The above snippet defines two simple functions, that can be invoked in the workflow script as foo(), which returns 'Hello world', and bar(10, 20), which returns the sum of two parameters (30 in this case).

Functions implicitly return the result of the last statement. Additionally, the return keyword can be used to explicitly exit from a function and return the specified value. For example:

def fib( x ) {
    if( x <= 1 )
        return x

    fib(x-1) + fib(x-2)
}

Closures

Briefly, a closure is a block of code that can be passed as an argument to a function. Thus, you can define a chunk of code and then pass it around as if it were a string or an integer.

More formally, you can create functions that are defined as first-class objects.

square = { it * it }

The curly brackets around the expression it * it tells the script interpreter to treat this expression as code. The it identifier is an implicit variable that represents the value that is passed to the function when it is invoked.

Once compiled the function object is assigned to the variable square as any other variable assignments shown previously.

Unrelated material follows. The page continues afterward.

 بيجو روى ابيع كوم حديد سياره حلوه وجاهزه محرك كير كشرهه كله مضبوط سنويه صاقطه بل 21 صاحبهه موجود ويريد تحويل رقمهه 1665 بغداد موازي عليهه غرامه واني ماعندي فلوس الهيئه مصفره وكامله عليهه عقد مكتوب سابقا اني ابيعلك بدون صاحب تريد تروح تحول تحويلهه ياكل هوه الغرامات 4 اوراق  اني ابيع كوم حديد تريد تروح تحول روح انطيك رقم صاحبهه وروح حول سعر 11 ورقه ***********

Now we can do something like this:

println square(9)

and get the value 81.

This is not very interesting until we find that we can pass the function square as an argument to other functions or methods. Some built-in functions take a function like this as an argument. One example is the collect method on lists:

[ 1, 2, 3, 4 ].collect(square)

This expression says: Create an array with the values 1, 2, 3 and 4, then call its collect method, passing in the closure we defined above. The collect method runs through each item in the array, calls the closure on the item, then puts the result in a new array, resulting in:

[ 1, 4, 9, 16 ]

For more methods that you can call with closures as arguments, see the Groovy GDK documentation.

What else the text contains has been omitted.